### [ABOUT THIS TASK]
Please write out, exactly as given, every line of the entries below up to and including the line with "Caffitaly 10 Capsule".

--- START ---

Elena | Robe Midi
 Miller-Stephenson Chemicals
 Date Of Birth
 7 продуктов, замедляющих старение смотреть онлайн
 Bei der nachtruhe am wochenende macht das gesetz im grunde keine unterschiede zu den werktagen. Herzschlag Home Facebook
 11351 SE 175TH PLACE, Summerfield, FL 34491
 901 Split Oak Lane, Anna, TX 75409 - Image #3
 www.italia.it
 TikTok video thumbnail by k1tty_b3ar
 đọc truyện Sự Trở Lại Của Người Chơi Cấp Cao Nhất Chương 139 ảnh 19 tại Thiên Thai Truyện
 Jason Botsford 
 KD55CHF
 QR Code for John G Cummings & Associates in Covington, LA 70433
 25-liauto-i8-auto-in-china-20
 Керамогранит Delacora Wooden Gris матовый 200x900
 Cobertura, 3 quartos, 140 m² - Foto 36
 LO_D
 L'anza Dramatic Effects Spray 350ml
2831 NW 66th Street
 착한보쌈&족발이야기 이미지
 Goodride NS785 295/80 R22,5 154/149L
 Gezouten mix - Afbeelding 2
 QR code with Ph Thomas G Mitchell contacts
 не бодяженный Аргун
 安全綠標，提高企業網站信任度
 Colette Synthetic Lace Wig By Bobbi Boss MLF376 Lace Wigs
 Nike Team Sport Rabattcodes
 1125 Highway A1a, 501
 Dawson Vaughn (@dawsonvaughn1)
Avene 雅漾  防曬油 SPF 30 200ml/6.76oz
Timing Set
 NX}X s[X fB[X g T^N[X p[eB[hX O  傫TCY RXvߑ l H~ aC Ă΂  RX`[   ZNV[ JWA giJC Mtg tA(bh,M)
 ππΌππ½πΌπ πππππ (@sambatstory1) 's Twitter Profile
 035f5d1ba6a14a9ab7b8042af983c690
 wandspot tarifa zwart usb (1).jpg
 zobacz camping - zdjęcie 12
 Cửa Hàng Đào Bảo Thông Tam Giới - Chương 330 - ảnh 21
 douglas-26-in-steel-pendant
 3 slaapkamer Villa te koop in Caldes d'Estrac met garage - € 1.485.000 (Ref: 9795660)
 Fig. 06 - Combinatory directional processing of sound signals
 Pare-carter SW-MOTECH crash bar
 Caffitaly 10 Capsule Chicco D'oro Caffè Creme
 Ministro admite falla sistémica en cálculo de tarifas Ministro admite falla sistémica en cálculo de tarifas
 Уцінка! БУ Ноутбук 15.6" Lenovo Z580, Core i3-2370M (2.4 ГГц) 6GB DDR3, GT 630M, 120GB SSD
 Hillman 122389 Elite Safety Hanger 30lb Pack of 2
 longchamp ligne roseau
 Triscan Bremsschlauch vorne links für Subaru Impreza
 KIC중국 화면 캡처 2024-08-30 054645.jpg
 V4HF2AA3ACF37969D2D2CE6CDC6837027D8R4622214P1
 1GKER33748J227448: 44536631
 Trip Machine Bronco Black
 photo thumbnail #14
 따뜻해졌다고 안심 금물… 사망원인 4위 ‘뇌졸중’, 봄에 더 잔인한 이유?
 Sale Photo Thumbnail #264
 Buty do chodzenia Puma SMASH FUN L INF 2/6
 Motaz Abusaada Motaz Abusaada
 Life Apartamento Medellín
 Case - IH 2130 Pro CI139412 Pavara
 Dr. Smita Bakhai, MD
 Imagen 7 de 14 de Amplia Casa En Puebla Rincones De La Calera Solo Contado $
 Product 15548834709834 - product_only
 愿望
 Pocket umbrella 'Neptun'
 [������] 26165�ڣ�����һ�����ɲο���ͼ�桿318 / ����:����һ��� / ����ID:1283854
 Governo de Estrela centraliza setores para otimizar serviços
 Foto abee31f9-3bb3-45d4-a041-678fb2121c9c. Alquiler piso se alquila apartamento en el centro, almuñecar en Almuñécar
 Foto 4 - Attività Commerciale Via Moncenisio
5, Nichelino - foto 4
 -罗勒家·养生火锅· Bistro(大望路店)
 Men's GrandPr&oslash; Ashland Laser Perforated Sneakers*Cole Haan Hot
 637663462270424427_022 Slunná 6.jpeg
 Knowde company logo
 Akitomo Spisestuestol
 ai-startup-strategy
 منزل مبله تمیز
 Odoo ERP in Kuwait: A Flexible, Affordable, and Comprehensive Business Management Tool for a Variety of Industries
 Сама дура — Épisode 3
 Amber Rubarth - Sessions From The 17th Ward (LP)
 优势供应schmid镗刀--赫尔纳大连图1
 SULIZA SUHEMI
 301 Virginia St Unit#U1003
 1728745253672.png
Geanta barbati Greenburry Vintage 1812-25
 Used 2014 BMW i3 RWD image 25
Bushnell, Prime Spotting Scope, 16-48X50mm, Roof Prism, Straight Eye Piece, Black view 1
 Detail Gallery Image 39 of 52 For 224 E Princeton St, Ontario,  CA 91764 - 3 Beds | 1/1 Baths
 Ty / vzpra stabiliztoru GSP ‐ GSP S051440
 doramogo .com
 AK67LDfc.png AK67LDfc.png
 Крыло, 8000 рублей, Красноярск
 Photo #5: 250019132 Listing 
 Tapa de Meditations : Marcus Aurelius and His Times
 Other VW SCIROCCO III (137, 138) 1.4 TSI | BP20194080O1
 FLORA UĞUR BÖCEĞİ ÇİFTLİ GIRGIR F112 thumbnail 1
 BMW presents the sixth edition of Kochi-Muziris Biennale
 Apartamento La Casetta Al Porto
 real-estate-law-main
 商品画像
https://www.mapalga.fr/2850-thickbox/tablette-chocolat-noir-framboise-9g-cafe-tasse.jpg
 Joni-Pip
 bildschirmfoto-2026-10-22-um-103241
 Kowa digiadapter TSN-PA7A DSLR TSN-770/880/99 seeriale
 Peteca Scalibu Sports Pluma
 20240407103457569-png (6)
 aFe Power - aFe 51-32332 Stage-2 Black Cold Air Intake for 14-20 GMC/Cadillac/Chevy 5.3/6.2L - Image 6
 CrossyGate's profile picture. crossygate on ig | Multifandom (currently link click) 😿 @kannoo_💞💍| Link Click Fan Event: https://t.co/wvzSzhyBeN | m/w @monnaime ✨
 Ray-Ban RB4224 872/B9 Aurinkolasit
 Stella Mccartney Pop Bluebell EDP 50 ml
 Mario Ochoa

--- END ---

### [EXERCISE SOLUTION]
Elena | Robe Midi
 Miller-Stephenson Chemicals
 Date Of Birth
 7 продуктов, замедляющих старение смотреть онлайн
 Bei der nachtruhe am wochenende macht das gesetz im grunde keine unterschiede zu den werktagen. Herzschlag Home Facebook
 11351 SE 175TH PLACE, Summerfield, FL 34491
 901 Split Oak Lane, Anna, TX 75409 - Image #3
 www.italia.it
 TikTok video thumbnail by k1tty_b3ar
 đọc truyện Sự Trở Lại Của Người Chơi Cấp Cao Nhất Chương 139 ảnh 19 tại Thiên Thai Truyện
 Jason Botsford 
 KD55CHF
 QR Code for John G Cummings & Associates in Covington, LA 70433
 25-liauto-i8-auto-in-china-20
 Керамогранит Delacora Wooden Gris матовый 200x900
 Cobertura, 3 quartos, 140 m² - Foto 36
 LO_D
 L'anza Dramatic Effects Spray 350ml
2831 NW 66th Street
 착한보쌈&족발이야기 이미지
 Goodride NS785 295/80 R22,5 154/149L
 Gezouten mix - Afbeelding 2
 QR code with Ph Thomas G Mitchell contacts
 не бодяженный Аргун
 安全綠標，提高企業網站信任度
 Colette Synthetic Lace Wig By Bobbi Boss MLF376 Lace Wigs
 Nike Team Sport Rabattcodes
 1125 Highway A1a, 501
 Dawson Vaughn (@dawsonvaughn1)
Avene 雅漾  防曬油 SPF 30 200ml/6.76oz
Timing Set
 NX}X s[X fB[X g T^N[X p[eB[hX O  傫TCY RXvߑ l H~ aC Ă΂  RX`[   ZNV[ JWA giJC Mtg tA(bh,M)
 ππΌππ½πΌπ πππππ (@sambatstory1) 's Twitter Profile
 035f5d1ba6a14a9ab7b8042af983c690
 wandspot tarifa zwart usb (1).jpg
 zobacz camping - zdjęcie 12
 Cửa Hàng Đào Bảo Thông Tam Giới - Chương 330 - ảnh 21
 douglas-26-in-steel-pendant
 3 slaapkamer Villa te koop in Caldes d'Estrac met garage - € 1.485.000 (Ref: 9795660)
 Fig. 06 - Combinatory directional processing of sound signals
 Pare-carter SW-MOTECH crash bar
 Caffitaly 10 Capsule Chicco D'oro Caffè Creme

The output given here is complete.